If, by using concurrency and by observing the system, more than one computation is executed at the same time (literally), as my body can breathe and type without alternating between the two, then you achieved parallelism. So in this scenario the system has to be concurrent already (both breathing and typing advance while I'm writing this comment) but it has to have the resources to be parallel (my typing motor skills and the breathing apparatus do not communicate and work independently).
Same as above, they could be, maybe not. You hint at the "not" scenario when the threads are not executing at the same time when you talk about the GIL later on and boundness.
I guess you mean cores here.
This is a typo. The GIL limits multithreading, not multiprocessing. I wouldn't call it a hindrance but more a design choice, but that's entirely a personal point of view, the objective part is that I'm sure you meant multithreading here, not multiprocessing.

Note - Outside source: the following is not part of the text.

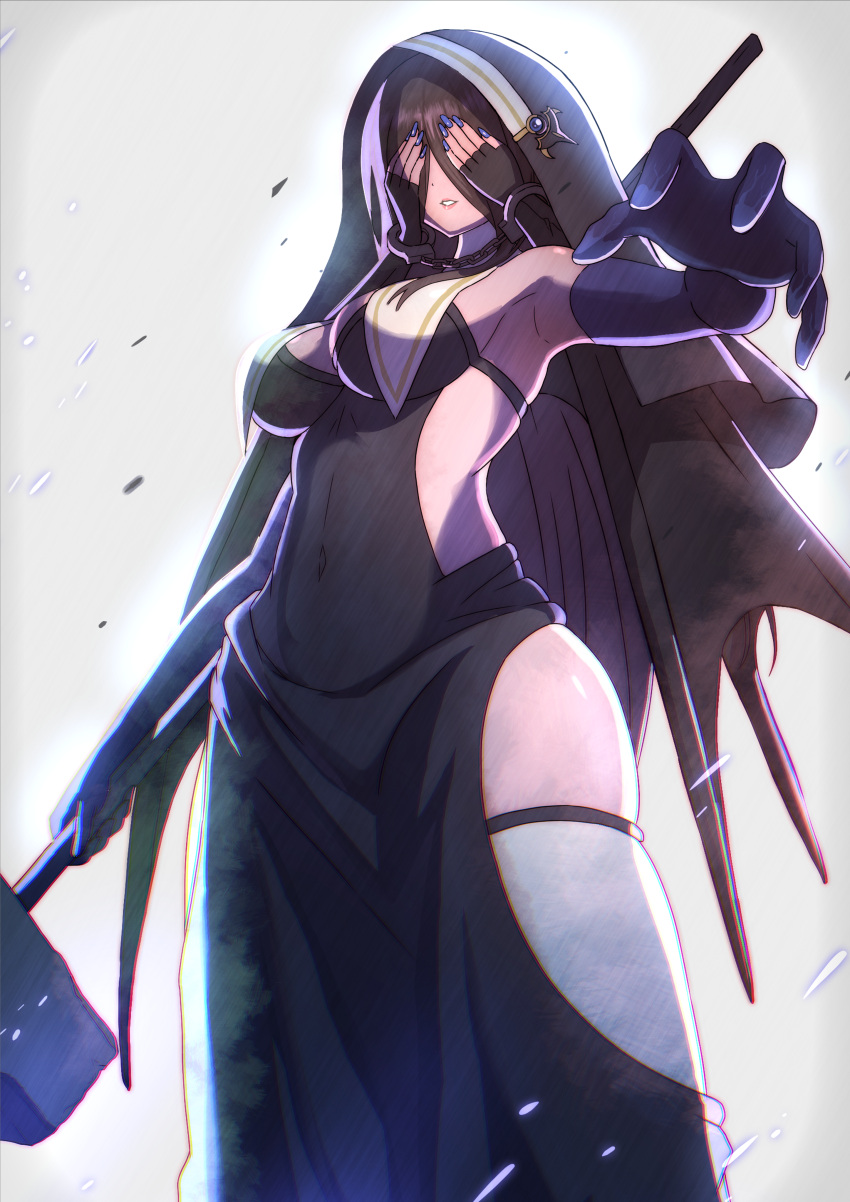 1girl absurdres arema black_gloves breasts brown_hair covering_own_eyes cuffs elbow_gloves extra_arms gloves habit hammer handcuffs highres hip_vent holding holding_hammer long_hair medium_breasts nail_polish nun original parted_lips solo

Hope this helps, concurrency is tricky :-)
Thanks for the input @ryhmes. I knew concurrency was really trick that why I was a bit skeptical about writing it. Changes have been made
Eheh don't worry, it's just a complicated topic and the fact that a lot of tutorials around still confuse the two doesn't help. It took me a while as well to have the picture clear in my head.
Thanks for the corrections!
If your use of these terms is accurate to current use, I feel like they’ve been misappropriated a little.
Concurrent literally means running simultaneously, while parallelism expresses multiplicity but also similarity, so it seems like parallelism should be reserved for code where the same block or instruction is being executed concurrently (whether via SIMD instructions or SIMD code) while concurrency would refer to e.g. execution of multithreaded code where one thread handles IO, and one handles computation, but both still run simultaneously.
By extension, code written to be able to execute multiple threads simultaneously should be incapable of actual concurrency if executing on a single (non-pipelined) processor core because in any sufficiently small slice of time, only one thing is happening at once. That is to say, context-switching shouldn’t be counted as concurrency.
Thanks for the comment Ian. It's interesting because there's no universal consensus on the definition of the two. It's not the first time that I hear slightly different definitions of the two terms. I believe it's also because we tend to create definition in abstract and not relative to a context.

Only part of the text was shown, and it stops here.